If sysdiff is used to create an inf file and the difference files are put in the directory tree, %OEM$, you can use the command sysdiff.exe /apply in a file named cmdline.txt located in $OEM$. If this is done, the OemPreinstall line in the unattend file must be set to "Yes". Windows NT 3.5.1 used the Windiff utility which is still available in NT 4.0, but Sysdiff is used for unattended installation while Windiff may be used to compare files.
Beginning an Install
To install from the hard drive:
- Copy i386 information from the i386 directory to a created i386 directory on the hard drive.
- Run Winnt.exe or win32.exe
- Nomally you will create three setup disks unless you skip this option.
- The installation will create a temporary $WIN_NT$~LS or ~BS directory. If this file is gone at the end of the installation, the installation was completed.
- When done you will reboot the system and the system will run 32 bit code.
Syntax:
sysdiff /snap [/log:logfile] snapshotfile
sysdiff /diff [/log:logfile] snapshotfile differencefile
sysdiff /inf [/u] snapshotfile oemroot
sysdiff /dump differencefile dumpfile
The "oemroot" location, above, is the directory with additional files and directories with custom installation. An emergency repair disk can be created at installation time or it can be made later using the RDISK.EXE utility.
To install over the network:
- The i386 directory must be in a shared network folder
Using Sysprep
Sysprep is used to prepare a Windows 2000 system hard disk for duplication. Sysprep can't be used on domain controllers. Duplication requirements that both the master and duplicated computers must have in common:
- Identical type hard drive controllers.
- Identical size hard drives.
- The same HAL must be used.
- Peripheral cards such as modems and video cards do not need to be identical, but drivers must be available for all computers.
Sysprep will remove any user specific information on the prepared hard drive. It strips the Security Identifiers (SIDs) from the disk before capturing the disk image. Once duplicated, the system that gets a copy of the disk generates its own SIDs for its objects.
- Create a Windows 2000 installation that you want copied (the master).
- Install any applications that are to be in the new system(s).
- Copy the administrator profile folder contents to the Default user profile folder and be sure the group, "everyone" can use the profile.
- Create a c:\sysprep directory and possibly a sysprep.inf file. Copy setupc1.exe and sysprep.exe from the directory where Setup Manager is installed into the c:\sysprep folder.

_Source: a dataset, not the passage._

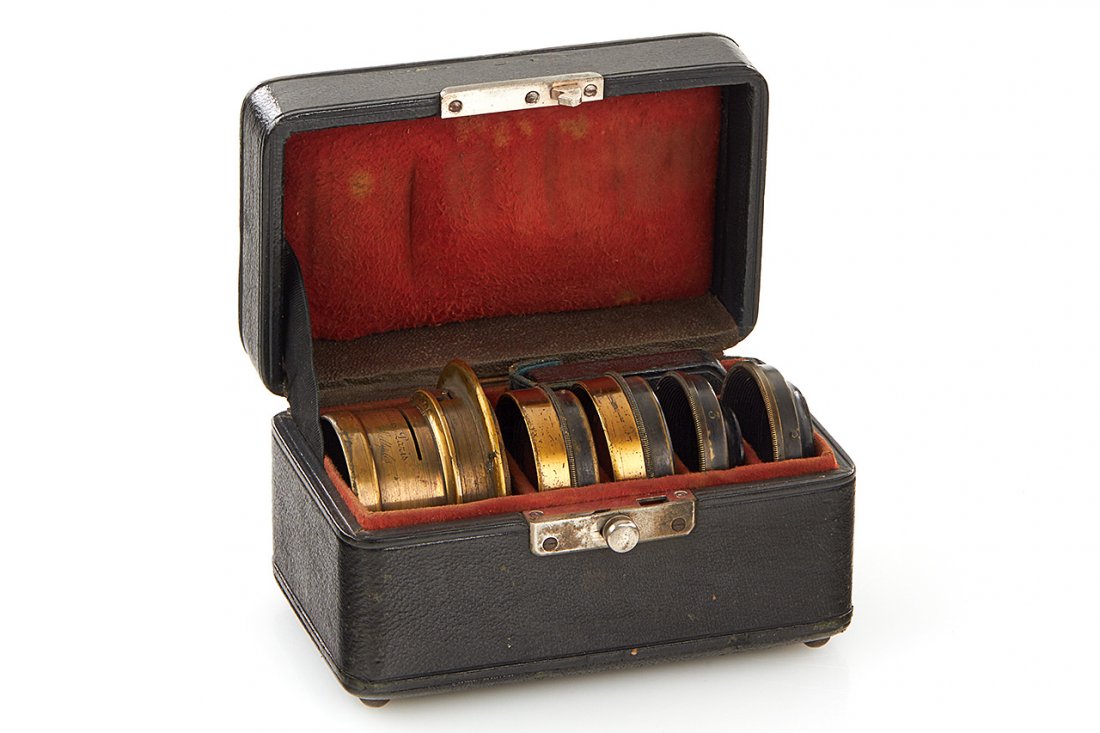 E. Francais Rectilineaire a Foyers Multiples No.1: convertible lens set with 2 rear lens elements and 2 front lens elements (one with small separation), one intermediate element with slot for Waterhouse stops, bayonet-mount mounting ring, 8 stops in l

- Use the Sysprep utility on the master computer hard drive, to prepare for duplication. Typing "sysprep /?" lists options, and "sysprep -pnp" causes the mini-setup program to run hardware detection on the duplicated computers.
- Use a vendor tool to duplicate the hard drive to target computers. Drive Image Pro from Power Quest will work.
- Boot the duplicated computers and enter user information when the mini-setup wizard runs.
The mini-setup wizard can be automated using a c:\sysprep\sysprep.inf file. Timezone, domain name or workgroup, network settings, display settings and additional settings may be preset.
Sysprep switches include:
- -quiet - No user interaction.
- -pnp - Detect PNP devices on systems the information is being sent to.
- -reboot - The new system will restart rather than shutdown.
- -nosidgen - NO security identifier (SID) is created on the new system.